Would you please write out each of the entries below exactly, omitting pictures?
____________________
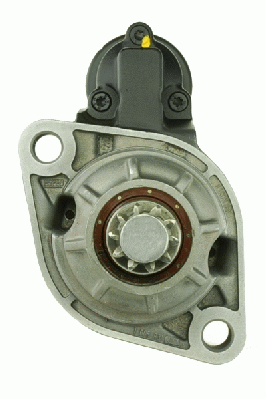 Friesen Starter 8020270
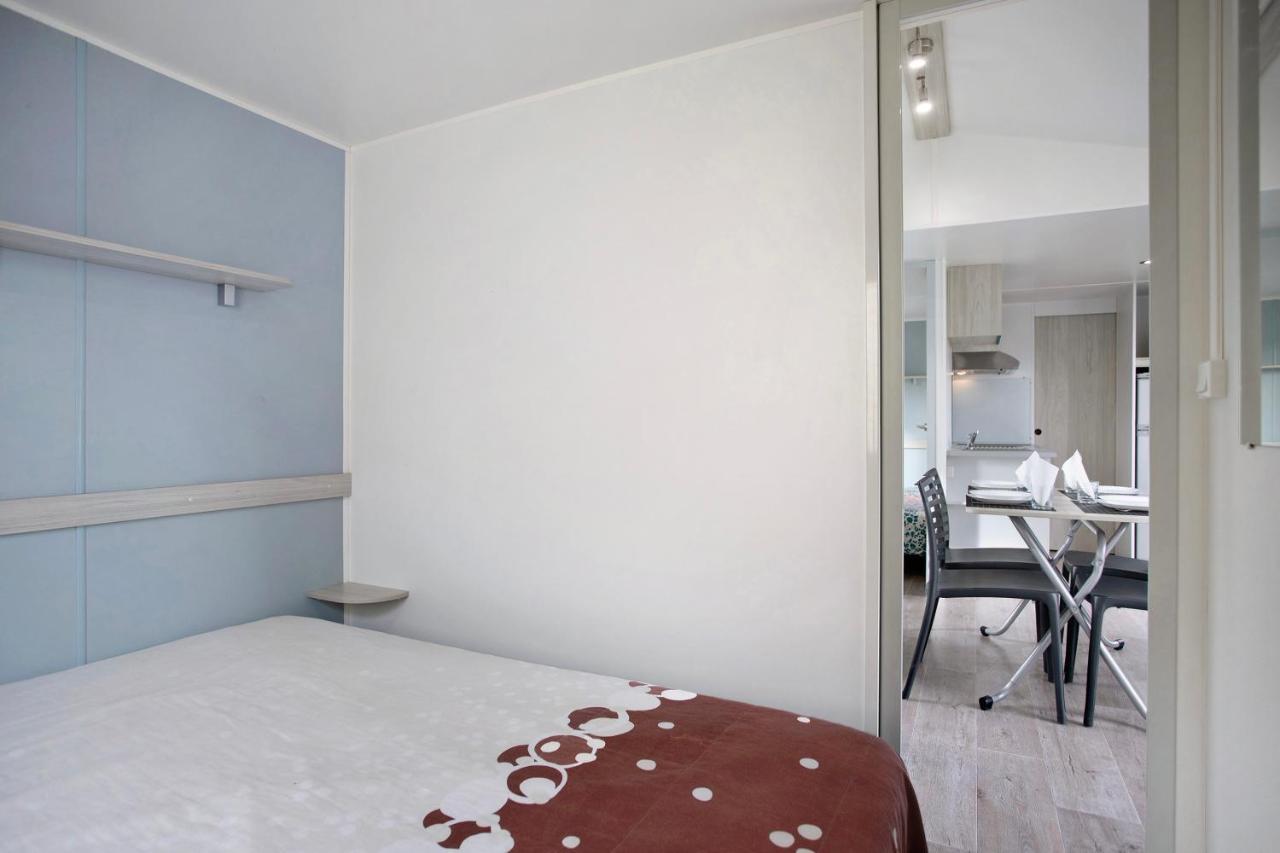 Bungalow T2 I - 15 Min From Nazare Pataias Luaran gambar
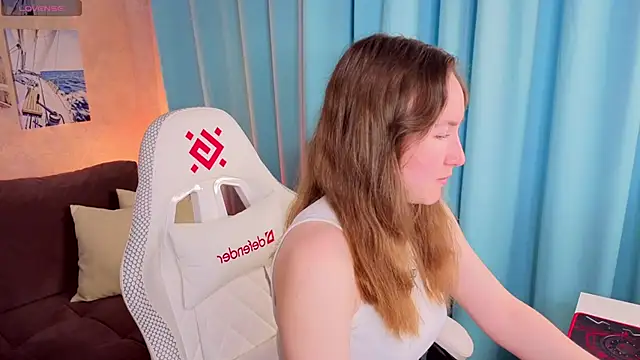 SindieStorm online show from 04-20-26, 01:52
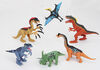 Animal Planet - Coffret à collectionner Dino - Notre exclusivité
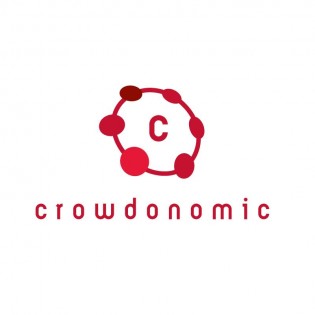 crowdonomic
____________________
**ANSWER SPACE**
 Friesen Starter 8020270
 Bungalow T2 I - 15 Min From Nazare Pataias Luaran gambar
 SindieStorm online show from 04-20-26, 01:52
 Animal Planet - Coffret à collectionner Dino - Notre exclusivité
 crowdonomic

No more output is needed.